» PROBLEM DESCRIPTION
Below are records with pictures. Reproduce exactly the lines from the line with "Renault Megane din" to the line with "GE IC3600AEXA1C1B GE", inclusive, and leave each picture out.

» AVAILABLE DATA

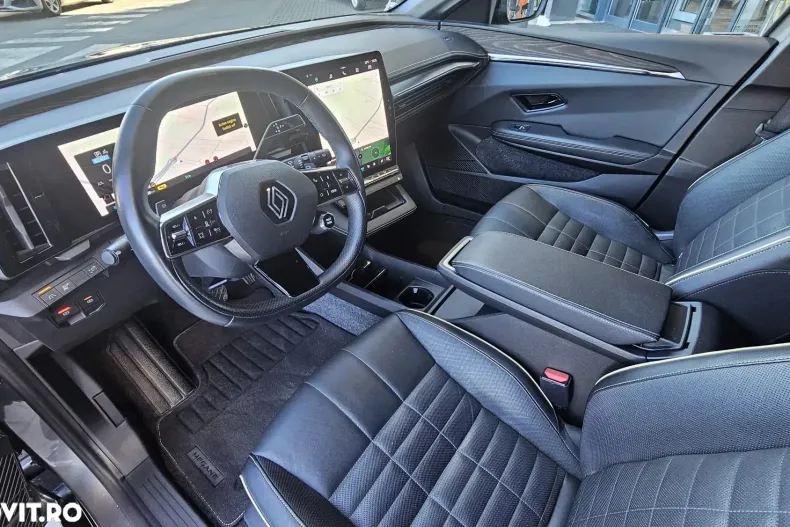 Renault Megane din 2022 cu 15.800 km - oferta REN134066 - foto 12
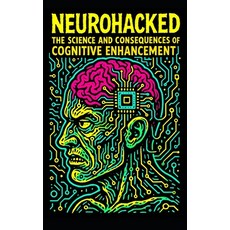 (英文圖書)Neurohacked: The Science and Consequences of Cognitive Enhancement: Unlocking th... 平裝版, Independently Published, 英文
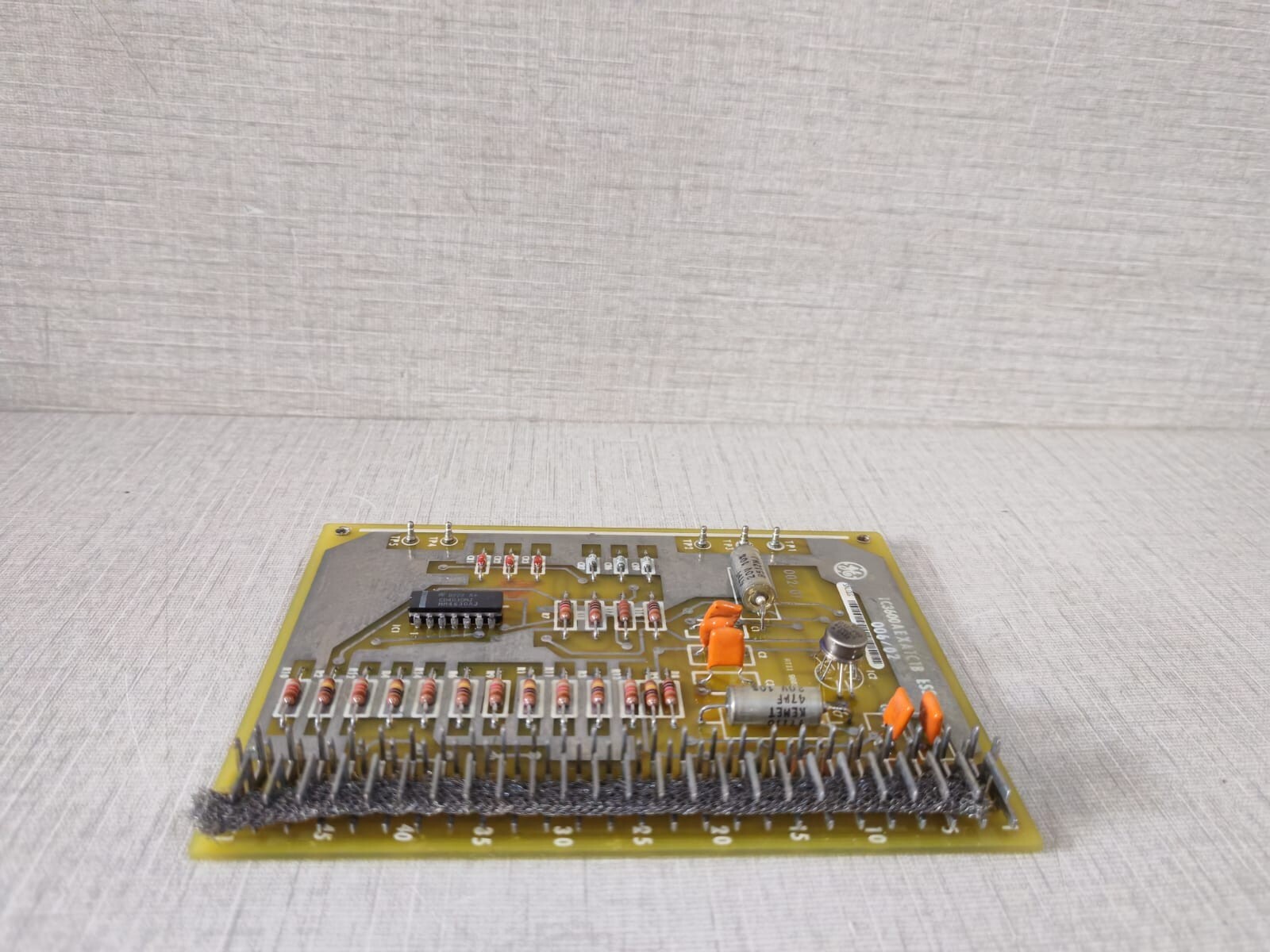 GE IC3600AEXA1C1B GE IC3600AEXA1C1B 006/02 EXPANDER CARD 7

---

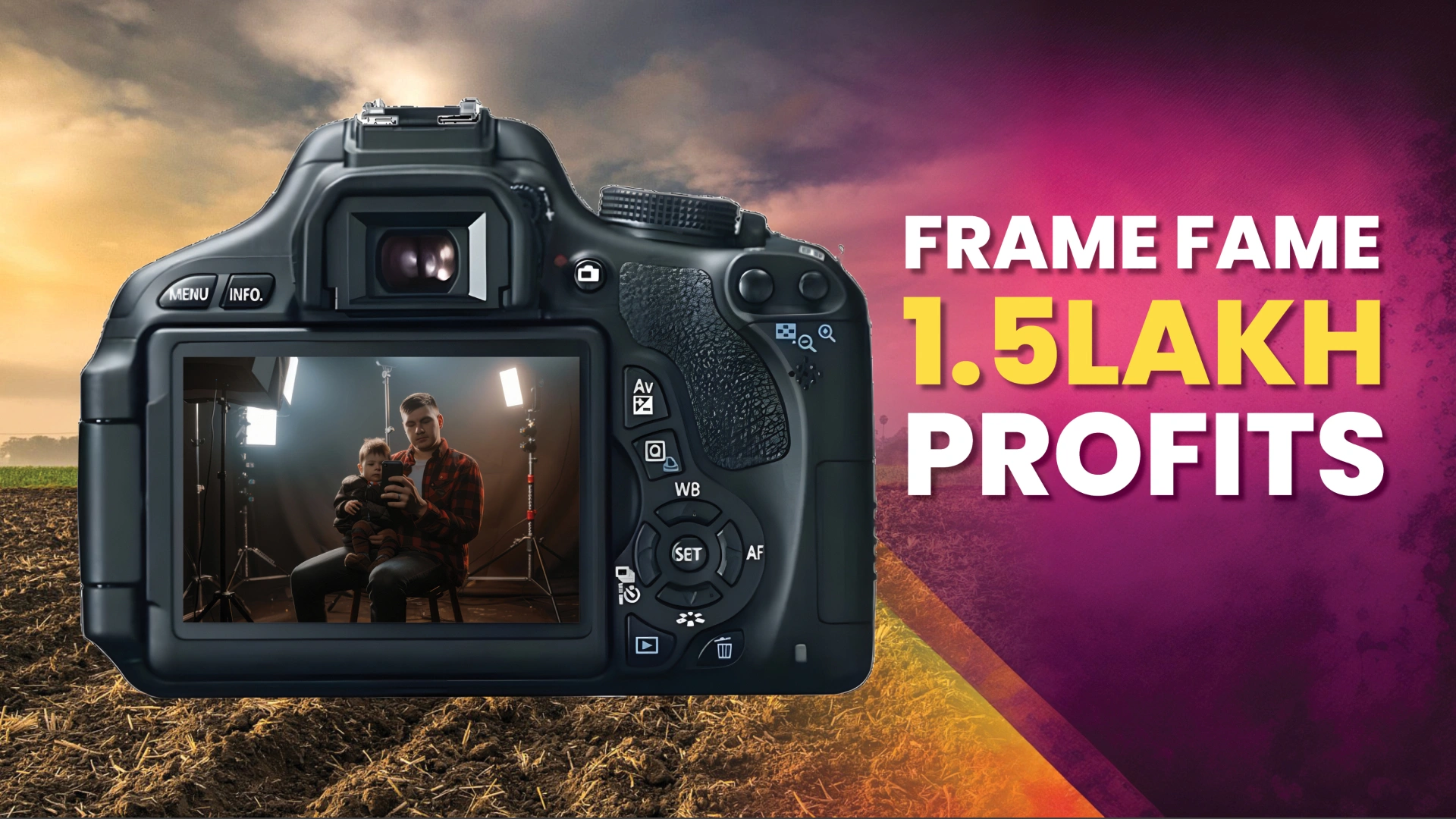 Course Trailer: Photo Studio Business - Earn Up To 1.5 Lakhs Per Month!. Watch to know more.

» ANSWER TO THIS EXERCISE
 Renault Megane din 2022 cu 15.800 km - oferta REN134066 - foto 12
 (英文圖書)Neurohacked: The Science and Consequences of Cognitive Enhancement: Unlocking th... 平裝版, Independently Published, 英文
 GE IC3600AEXA1C1B GE IC3600AEXA1C1B 006/02 EXPANDER CARD 7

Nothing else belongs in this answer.